Bloomers, Penn’s all-female comedy troupe, started causing a laughing uproar in 1978.
That’s when a group began a revolution of sorts, opening the doors to an Ivy League tradition of musical sketch comedy.
Named after Amelia Jenks Bloomer, a member of the women’s liberation movement who popularized the long, loose trousers gathered at the ankles that were worn under a short skirt, circa 1851, Bloomers marks 40 years of funny business this semester.
“This is a big moment in Bloomers history,” Sorantino says. “It’s caused all Bloomers to pause and reflect on the group’s fascinating history—our founders were refused entry into Mask & Wig. Since then, we’ve developed our own presence.”
The inaugural Bloomers show in 1979, “Fruit of the Bloomers,” inspired current troupe members to order retro merchandise sporting its logo, specifically for the sold-out alumnae show on Saturday, Oct. 20, in the Iron Gate Theatre.
Sorantino, who produces the group’s two annual shows and handles its administrative needs, in addition to being a member of its writing staff, says the 40th anniversary is special for a lot of reasons. It is mainly, she says, a salute to its pioneering founders.
“We are lucky to have founders who are so invested in Bloomers,” she says. “Most of them made the trip back to Philadelphia for the anniversary show this weekend. Our founders increasingly have the time and energy to shift their attention back to Bloomers. A handful of them have become my mentors, and one has even become sort of a mother figure.”
As an all-woman comedy space, Sorantino explains, feminist humor is a comedy muscle Bloomers flexes, poking fun at discrimination against women.
“We have a responsibility to write feminist bits. If we don’t write these kinds of bits, who else will? Probably people who don’t have a license to write comedy about the experiences of women,” says Sorantino. “Our feminism shines through in interesting ways. Our shows are always underlined by a unique Bloomers brand of feminism.”
Sorantino says that she’s witnessed tremendous growth in the troupe in the last few years. Not only have they moved their shows to a much larger venue, they’ve also doubled their ticket sales and added more leadership positions, including a diversity chair.

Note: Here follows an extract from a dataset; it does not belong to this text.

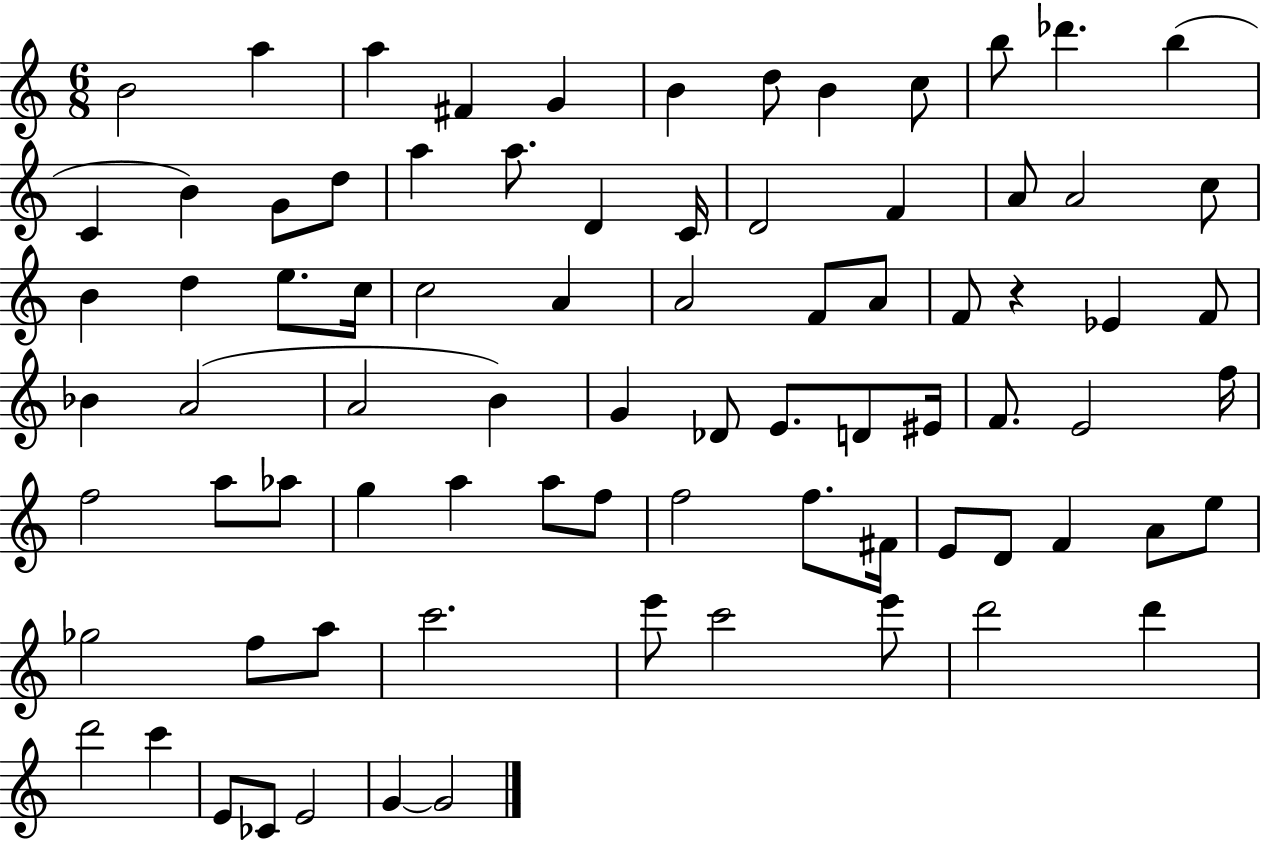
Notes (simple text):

B4/h A5/q A5/q F#4/q G4/q B4/q D5/e B4/q C5/e B5/e Db6/q. B5/q C4/q B4/q G4/e D5/e A5/q A5/e. D4/q C4/s D4/h F4/q A4/e A4/h C5/e B4/q D5/q E5/e. C5/s C5/h A4/q A4/h F4/e A4/e F4/e R/q Eb4/q F4/e Bb4/q A4/h A4/h B4/q G4/q Db4/e E4/e. D4/e EIS4/s F4/e. E4/h F5/s F5/h A5/e Ab5/e G5/q A5/q A5/e F5/e F5/h F5/e. F#4/s E4/e D4/e F4/q A4/e E5/e Gb5/h F5/e A5/e C6/h. E6/e C6/h E6/e D6/h D6/q D6/h C6/q E4/e CES4/e E4/h G4/q G4/h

Although Bloomers has blossomed to a diverse group of 65 members, not everyone has what it takes to bloom.
“There are a few things most Bloomers have in common: They are bold, funny, down-to-earth women who aren’t afraid to be silly,” Sorantino explains. “This is not the easiest thing to find at a place like Penn.”
Auditions consist of written and in-person components tailored to the specific sections for which a person is applying.
“An organization like Bloomers requires a lot of work and efficiency,” explains Laurie McCall, director of the Platt Student Performing Arts House, which serves as a base camp for the performing arts groups on campus. “There are the cast, crew, writers, business staff, and band. All the parts need to work together to produce a cohesive production, and they nail that every semester, putting on two full production runs per academic year and still have time to produce LaughtHER Fest,” a day-long event filled with panels and workshops celebrating women with an interest in comedy that culminates in an evening performance.
“Bloomers writing process is collaborative and the skits run the gambit of topics,” says McCall. “There is a definite edge with political and pop culture sketches, but they are hilarious.”
“What does the future hold for Bloomers?” says Sorantino. “A clubhouse? A huge endowment? A reality TV show? Probably none of these things, but it’s hard to be sure. Given how things have been trending, I envision more growth. We can build horizontally and produce more content during our off-season, when the show is over. We are dipping our toes into digital content; I could see us diving into that. Whatever it is, I’m excited to see it.”